### What to produce:
Give the listing again character for character, but drop the images.

### Collected material:
↓↓↓

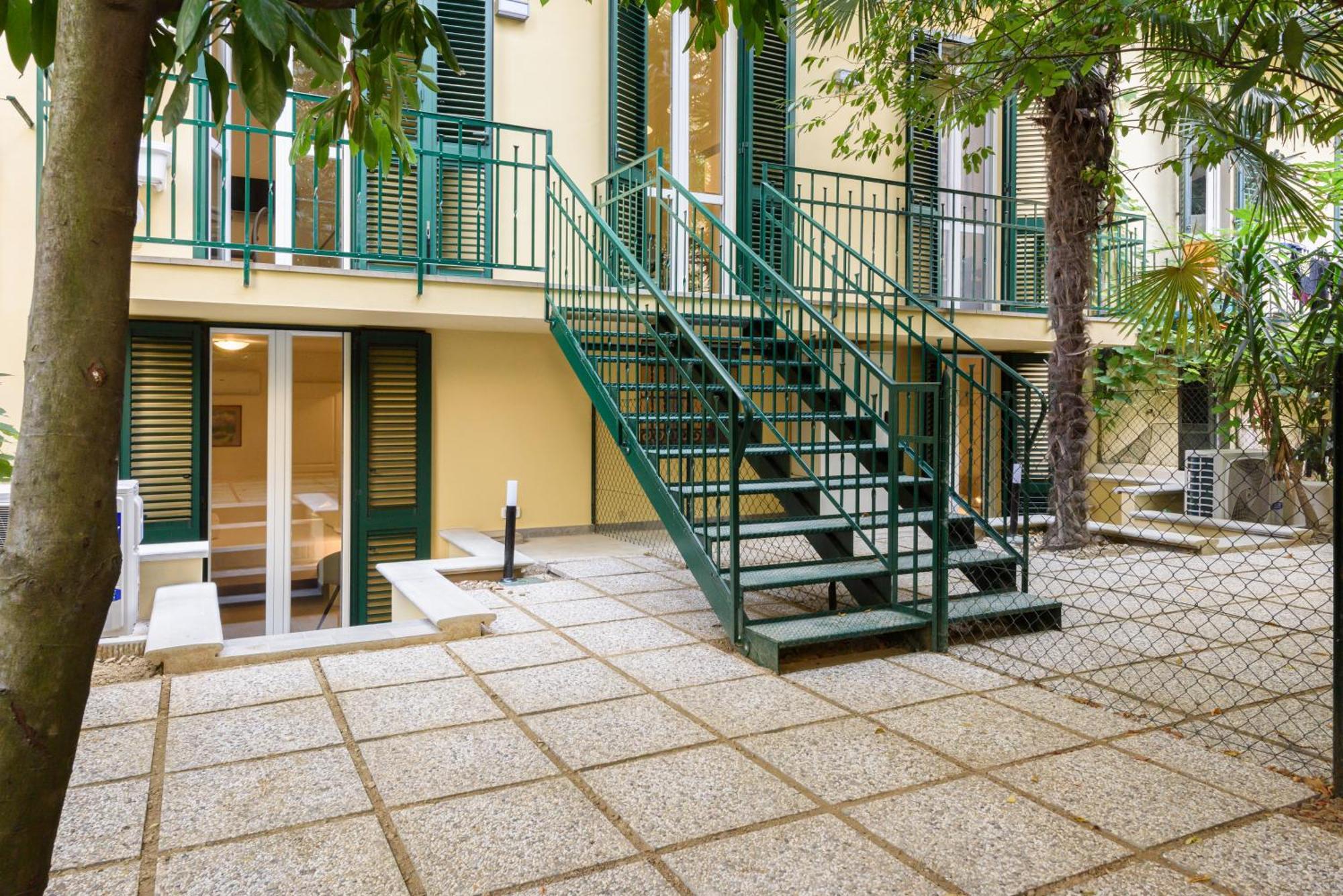 Napoleone - New Near Historic Center Appartement *
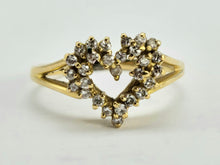 Cargar imagen en el visor de la galería, 0860: Vintage: 18ct Gold 28 Diamonds Heart- Set Ring- love, cute, sparkling
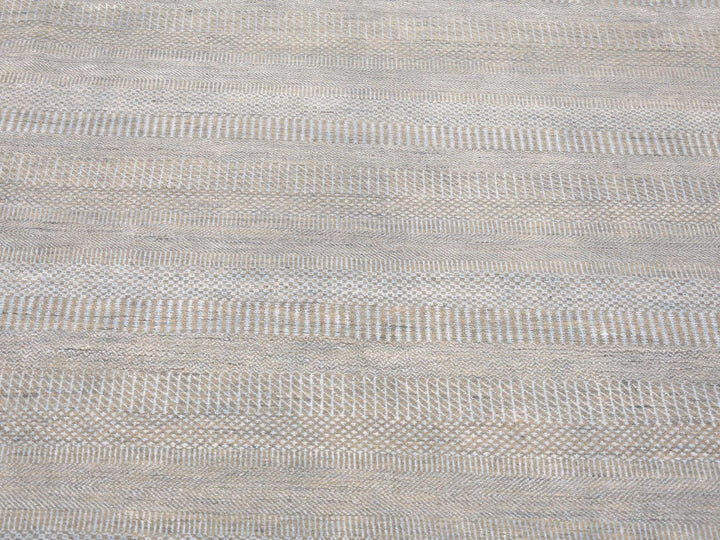 8'1" x 9'10" New Hand Knotted Grey Wool & Silk Rectangle Oriental Rug - MOA10280065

↑↑↑

### Result for this task:
 Napoleone - New Near Historic Center Appartement *
 Cargar imagen en el visor de la galería, 0860: Vintage: 18ct Gold 28 Diamonds Heart- Set Ring- love, cute, sparkling
 8'1" x 9'10" New Hand Knotted Grey Wool & Silk Rectangle Oriental Rug - MOA10280065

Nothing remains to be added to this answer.